About this task: Print the records exactly. Every mark must remain.

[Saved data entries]
***

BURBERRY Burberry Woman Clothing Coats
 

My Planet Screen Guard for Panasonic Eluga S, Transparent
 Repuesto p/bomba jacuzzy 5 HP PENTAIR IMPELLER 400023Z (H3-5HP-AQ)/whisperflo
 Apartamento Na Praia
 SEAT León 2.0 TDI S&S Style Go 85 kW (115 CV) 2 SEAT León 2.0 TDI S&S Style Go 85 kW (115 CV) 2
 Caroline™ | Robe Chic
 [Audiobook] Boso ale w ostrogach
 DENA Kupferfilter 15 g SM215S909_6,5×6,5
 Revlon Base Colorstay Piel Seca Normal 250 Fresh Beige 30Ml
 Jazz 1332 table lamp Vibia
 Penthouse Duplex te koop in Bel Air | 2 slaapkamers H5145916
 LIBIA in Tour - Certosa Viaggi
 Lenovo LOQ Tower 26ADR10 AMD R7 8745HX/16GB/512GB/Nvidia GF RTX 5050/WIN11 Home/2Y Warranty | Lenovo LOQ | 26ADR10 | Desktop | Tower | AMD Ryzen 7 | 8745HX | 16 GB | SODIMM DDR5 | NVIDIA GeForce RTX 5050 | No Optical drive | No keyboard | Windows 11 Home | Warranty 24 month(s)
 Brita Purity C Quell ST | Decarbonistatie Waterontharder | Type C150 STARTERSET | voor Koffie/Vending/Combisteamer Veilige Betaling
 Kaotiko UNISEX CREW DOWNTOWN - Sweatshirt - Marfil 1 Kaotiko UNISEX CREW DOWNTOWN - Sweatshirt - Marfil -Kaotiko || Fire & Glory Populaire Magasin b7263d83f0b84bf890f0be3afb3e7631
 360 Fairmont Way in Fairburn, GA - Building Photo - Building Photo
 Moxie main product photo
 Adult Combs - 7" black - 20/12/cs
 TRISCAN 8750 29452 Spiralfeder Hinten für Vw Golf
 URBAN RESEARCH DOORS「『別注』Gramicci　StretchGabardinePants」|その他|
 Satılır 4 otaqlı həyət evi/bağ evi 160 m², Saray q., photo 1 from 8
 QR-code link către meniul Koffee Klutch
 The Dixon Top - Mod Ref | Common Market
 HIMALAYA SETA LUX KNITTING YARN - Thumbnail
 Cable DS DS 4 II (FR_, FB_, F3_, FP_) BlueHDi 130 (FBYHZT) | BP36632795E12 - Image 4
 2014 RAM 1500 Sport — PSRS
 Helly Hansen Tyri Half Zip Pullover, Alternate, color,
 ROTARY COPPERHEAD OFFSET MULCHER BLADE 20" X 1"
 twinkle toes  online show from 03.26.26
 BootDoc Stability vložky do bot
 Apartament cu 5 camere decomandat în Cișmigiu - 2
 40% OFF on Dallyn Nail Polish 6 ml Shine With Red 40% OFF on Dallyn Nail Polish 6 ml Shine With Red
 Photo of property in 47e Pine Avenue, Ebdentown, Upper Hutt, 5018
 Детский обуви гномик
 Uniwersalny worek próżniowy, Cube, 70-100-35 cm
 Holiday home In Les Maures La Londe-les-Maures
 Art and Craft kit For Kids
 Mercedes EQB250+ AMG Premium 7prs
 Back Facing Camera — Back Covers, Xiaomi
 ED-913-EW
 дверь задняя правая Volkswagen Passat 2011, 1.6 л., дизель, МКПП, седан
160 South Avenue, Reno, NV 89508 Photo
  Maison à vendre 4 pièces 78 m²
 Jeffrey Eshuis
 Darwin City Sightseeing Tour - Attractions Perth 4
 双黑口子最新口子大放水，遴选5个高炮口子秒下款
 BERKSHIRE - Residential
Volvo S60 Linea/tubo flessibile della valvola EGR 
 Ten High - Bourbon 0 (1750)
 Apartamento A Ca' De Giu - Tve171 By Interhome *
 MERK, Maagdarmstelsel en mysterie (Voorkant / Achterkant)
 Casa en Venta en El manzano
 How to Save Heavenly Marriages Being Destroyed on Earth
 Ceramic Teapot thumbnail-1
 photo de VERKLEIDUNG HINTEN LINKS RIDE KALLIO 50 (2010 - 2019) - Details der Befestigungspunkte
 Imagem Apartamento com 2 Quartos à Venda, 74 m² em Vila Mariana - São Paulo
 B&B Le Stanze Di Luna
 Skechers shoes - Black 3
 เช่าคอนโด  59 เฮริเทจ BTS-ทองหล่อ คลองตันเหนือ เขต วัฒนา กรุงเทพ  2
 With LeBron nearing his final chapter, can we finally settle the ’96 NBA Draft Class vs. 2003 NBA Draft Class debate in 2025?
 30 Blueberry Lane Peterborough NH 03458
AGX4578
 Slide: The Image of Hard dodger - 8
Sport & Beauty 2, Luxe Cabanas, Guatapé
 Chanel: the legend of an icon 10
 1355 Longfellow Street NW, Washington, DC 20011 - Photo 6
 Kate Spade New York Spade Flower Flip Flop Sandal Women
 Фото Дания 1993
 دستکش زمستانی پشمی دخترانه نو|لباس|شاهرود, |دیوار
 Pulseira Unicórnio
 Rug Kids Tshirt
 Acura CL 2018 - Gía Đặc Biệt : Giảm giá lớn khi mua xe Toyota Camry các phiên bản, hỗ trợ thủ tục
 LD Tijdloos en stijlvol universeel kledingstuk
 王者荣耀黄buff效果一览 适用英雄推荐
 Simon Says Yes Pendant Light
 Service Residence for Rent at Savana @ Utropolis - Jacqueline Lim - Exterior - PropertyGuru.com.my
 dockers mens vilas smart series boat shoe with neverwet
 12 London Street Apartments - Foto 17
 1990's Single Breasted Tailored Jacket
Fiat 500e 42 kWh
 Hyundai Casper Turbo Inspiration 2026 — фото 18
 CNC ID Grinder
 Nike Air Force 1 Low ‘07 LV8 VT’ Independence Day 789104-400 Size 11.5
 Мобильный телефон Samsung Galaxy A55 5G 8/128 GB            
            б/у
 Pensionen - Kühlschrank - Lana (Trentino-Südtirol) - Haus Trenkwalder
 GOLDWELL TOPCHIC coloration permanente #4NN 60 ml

***

Solution to this task:
BURBERRY Burberry Woman Clothing Coats
 

My Planet Screen Guard for Panasonic Eluga S, Transparent
 Repuesto p/bomba jacuzzy 5 HP PENTAIR IMPELLER 400023Z (H3-5HP-AQ)/whisperflo
 Apartamento Na Praia
 SEAT León 2.0 TDI S&S Style Go 85 kW (115 CV) 2 SEAT León 2.0 TDI S&S Style Go 85 kW (115 CV) 2
 Caroline™ | Robe Chic
 [Audiobook] Boso ale w ostrogach
 DENA Kupferfilter 15 g SM215S909_6,5×6,5
 Revlon Base Colorstay Piel Seca Normal 250 Fresh Beige 30Ml
 Jazz 1332 table lamp Vibia
 Penthouse Duplex te koop in Bel Air | 2 slaapkamers H5145916
 LIBIA in Tour - Certosa Viaggi
 Lenovo LOQ Tower 26ADR10 AMD R7 8745HX/16GB/512GB/Nvidia GF RTX 5050/WIN11 Home/2Y Warranty | Lenovo LOQ | 26ADR10 | Desktop | Tower | AMD Ryzen 7 | 8745HX | 16 GB | SODIMM DDR5 | NVIDIA GeForce RTX 5050 | No Optical drive | No keyboard | Windows 11 Home | Warranty 24 month(s)
 Brita Purity C Quell ST | Decarbonistatie Waterontharder | Type C150 STARTERSET | voor Koffie/Vending/Combisteamer Veilige Betaling
 Kaotiko UNISEX CREW DOWNTOWN - Sweatshirt - Marfil 1 Kaotiko UNISEX CREW DOWNTOWN - Sweatshirt - Marfil -Kaotiko || Fire & Glory Populaire Magasin b7263d83f0b84bf890f0be3afb3e7631
 360 Fairmont Way in Fairburn, GA - Building Photo - Building Photo
 Moxie main product photo
 Adult Combs - 7" black - 20/12/cs
 TRISCAN 8750 29452 Spiralfeder Hinten für Vw Golf
 URBAN RESEARCH DOORS「『別注』Gramicci　StretchGabardinePants」|その他|
 Satılır 4 otaqlı həyət evi/bağ evi 160 m², Saray q., photo 1 from 8
 QR-code link către meniul Koffee Klutch
 The Dixon Top - Mod Ref | Common Market
 HIMALAYA SETA LUX KNITTING YARN - Thumbnail
 Cable DS DS 4 II (FR_, FB_, F3_, FP_) BlueHDi 130 (FBYHZT) | BP36632795E12 - Image 4
 2014 RAM 1500 Sport — PSRS
 Helly Hansen Tyri Half Zip Pullover, Alternate, color,
 ROTARY COPPERHEAD OFFSET MULCHER BLADE 20" X 1"
 twinkle toes  online show from 03.26.26
 BootDoc Stability vložky do bot
 Apartament cu 5 camere decomandat în Cișmigiu - 2
 40% OFF on Dallyn Nail Polish 6 ml Shine With Red 40% OFF on Dallyn Nail Polish 6 ml Shine With Red
 Photo of property in 47e Pine Avenue, Ebdentown, Upper Hutt, 5018
 Детский обуви гномик
 Uniwersalny worek próżniowy, Cube, 70-100-35 cm
 Holiday home In Les Maures La Londe-les-Maures
 Art and Craft kit For Kids
 Mercedes EQB250+ AMG Premium 7prs
 Back Facing Camera — Back Covers, Xiaomi
 ED-913-EW
 дверь задняя правая Volkswagen Passat 2011, 1.6 л., дизель, МКПП, седан
160 South Avenue, Reno, NV 89508 Photo
  Maison à vendre 4 pièces 78 m²
 Jeffrey Eshuis
 Darwin City Sightseeing Tour - Attractions Perth 4
 双黑口子最新口子大放水，遴选5个高炮口子秒下款
 BERKSHIRE - Residential
Volvo S60 Linea/tubo flessibile della valvola EGR 
 Ten High - Bourbon 0 (1750)
 Apartamento A Ca' De Giu - Tve171 By Interhome *
 MERK, Maagdarmstelsel en mysterie (Voorkant / Achterkant)
 Casa en Venta en El manzano
 How to Save Heavenly Marriages Being Destroyed on Earth
 Ceramic Teapot thumbnail-1
 photo de VERKLEIDUNG HINTEN LINKS RIDE KALLIO 50 (2010 - 2019) - Details der Befestigungspunkte
 Imagem Apartamento com 2 Quartos à Venda, 74 m² em Vila Mariana - São Paulo
 B&B Le Stanze Di Luna
 Skechers shoes - Black 3
 เช่าคอนโด  59 เฮริเทจ BTS-ทองหล่อ คลองตันเหนือ เขต วัฒนา กรุงเทพ  2
 With LeBron nearing his final chapter, can we finally settle the ’96 NBA Draft Class vs. 2003 NBA Draft Class debate in 2025?
 30 Blueberry Lane Peterborough NH 03458
AGX4578
 Slide: The Image of Hard dodger - 8
Sport & Beauty 2, Luxe Cabanas, Guatapé
 Chanel: the legend of an icon 10
 1355 Longfellow Street NW, Washington, DC 20011 - Photo 6
 Kate Spade New York Spade Flower Flip Flop Sandal Women
 Фото Дания 1993
 دستکش زمستانی پشمی دخترانه نو|لباس|شاهرود, |دیوار
 Pulseira Unicórnio
 Rug Kids Tshirt
 Acura CL 2018 - Gía Đặc Biệt : Giảm giá lớn khi mua xe Toyota Camry các phiên bản, hỗ trợ thủ tục
 LD Tijdloos en stijlvol universeel kledingstuk
 王者荣耀黄buff效果一览 适用英雄推荐
 Simon Says Yes Pendant Light
 Service Residence for Rent at Savana @ Utropolis - Jacqueline Lim - Exterior - PropertyGuru.com.my
 dockers mens vilas smart series boat shoe with neverwet
 12 London Street Apartments - Foto 17
 1990's Single Breasted Tailored Jacket
Fiat 500e 42 kWh
 Hyundai Casper Turbo Inspiration 2026 — фото 18
 CNC ID Grinder
 Nike Air Force 1 Low ‘07 LV8 VT’ Independence Day 789104-400 Size 11.5
 Мобильный телефон Samsung Galaxy A55 5G 8/128 GB            
            б/у
 Pensionen - Kühlschrank - Lana (Trentino-Südtirol) - Haus Trenkwalder
 GOLDWELL TOPCHIC coloration permanente #4NN 60 ml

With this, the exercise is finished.